What you should do -
Reproduce exactly, from the data that follows, the line with "Mazda CX-3 (2017) thumbnail 2", the line with "Alquiler oficina en", and every line that lies between them.

Materials provided -
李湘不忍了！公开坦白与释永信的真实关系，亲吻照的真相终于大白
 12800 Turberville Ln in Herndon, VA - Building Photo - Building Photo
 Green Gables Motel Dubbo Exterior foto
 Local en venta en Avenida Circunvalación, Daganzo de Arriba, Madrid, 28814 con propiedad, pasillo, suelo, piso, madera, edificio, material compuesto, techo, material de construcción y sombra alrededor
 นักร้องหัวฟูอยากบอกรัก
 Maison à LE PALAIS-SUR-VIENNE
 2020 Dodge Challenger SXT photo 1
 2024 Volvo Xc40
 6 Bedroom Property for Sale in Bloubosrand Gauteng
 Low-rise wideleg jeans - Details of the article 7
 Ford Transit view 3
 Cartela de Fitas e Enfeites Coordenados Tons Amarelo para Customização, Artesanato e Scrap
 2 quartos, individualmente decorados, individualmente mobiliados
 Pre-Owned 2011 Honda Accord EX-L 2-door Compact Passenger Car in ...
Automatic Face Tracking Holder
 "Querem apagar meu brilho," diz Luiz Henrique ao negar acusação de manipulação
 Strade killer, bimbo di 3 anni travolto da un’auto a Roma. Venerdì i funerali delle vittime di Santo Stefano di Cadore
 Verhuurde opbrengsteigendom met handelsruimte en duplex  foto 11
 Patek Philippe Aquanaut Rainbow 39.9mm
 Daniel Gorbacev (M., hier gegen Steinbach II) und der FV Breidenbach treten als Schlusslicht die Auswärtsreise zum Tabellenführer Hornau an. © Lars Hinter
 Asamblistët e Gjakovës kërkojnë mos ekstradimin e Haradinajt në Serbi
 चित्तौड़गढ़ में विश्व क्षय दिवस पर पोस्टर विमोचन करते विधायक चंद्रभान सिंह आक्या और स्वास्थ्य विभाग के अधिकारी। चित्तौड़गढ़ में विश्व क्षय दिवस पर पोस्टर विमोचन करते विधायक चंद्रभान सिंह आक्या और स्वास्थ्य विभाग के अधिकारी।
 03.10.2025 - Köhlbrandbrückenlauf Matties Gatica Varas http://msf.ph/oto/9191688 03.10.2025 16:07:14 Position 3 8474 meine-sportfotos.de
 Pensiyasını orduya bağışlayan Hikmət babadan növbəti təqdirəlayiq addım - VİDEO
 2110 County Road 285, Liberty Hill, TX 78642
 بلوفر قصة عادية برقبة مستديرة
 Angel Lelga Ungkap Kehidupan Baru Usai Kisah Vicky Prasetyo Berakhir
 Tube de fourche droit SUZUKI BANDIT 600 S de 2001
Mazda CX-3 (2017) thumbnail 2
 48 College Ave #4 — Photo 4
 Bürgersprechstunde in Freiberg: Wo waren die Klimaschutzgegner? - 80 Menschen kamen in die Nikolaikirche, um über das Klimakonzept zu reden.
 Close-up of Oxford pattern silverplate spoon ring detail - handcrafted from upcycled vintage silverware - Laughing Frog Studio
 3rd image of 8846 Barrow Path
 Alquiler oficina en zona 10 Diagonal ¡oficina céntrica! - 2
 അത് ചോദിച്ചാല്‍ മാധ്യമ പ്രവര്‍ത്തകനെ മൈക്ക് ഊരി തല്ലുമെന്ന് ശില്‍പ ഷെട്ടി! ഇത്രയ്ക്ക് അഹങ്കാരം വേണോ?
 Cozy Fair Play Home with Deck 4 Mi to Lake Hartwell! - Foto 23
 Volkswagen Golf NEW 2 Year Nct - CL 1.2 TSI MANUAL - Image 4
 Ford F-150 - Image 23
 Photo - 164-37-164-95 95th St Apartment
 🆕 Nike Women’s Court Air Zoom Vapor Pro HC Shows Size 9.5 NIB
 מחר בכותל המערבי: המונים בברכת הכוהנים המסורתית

Solution to the problem -
Mazda CX-3 (2017) thumbnail 2
 48 College Ave #4 — Photo 4
 Bürgersprechstunde in Freiberg: Wo waren die Klimaschutzgegner? - 80 Menschen kamen in die Nikolaikirche, um über das Klimakonzept zu reden.
 Close-up of Oxford pattern silverplate spoon ring detail - handcrafted from upcycled vintage silverware - Laughing Frog Studio
 3rd image of 8846 Barrow Path
 Alquiler oficina en zona 10 Diagonal ¡oficina céntrica! - 2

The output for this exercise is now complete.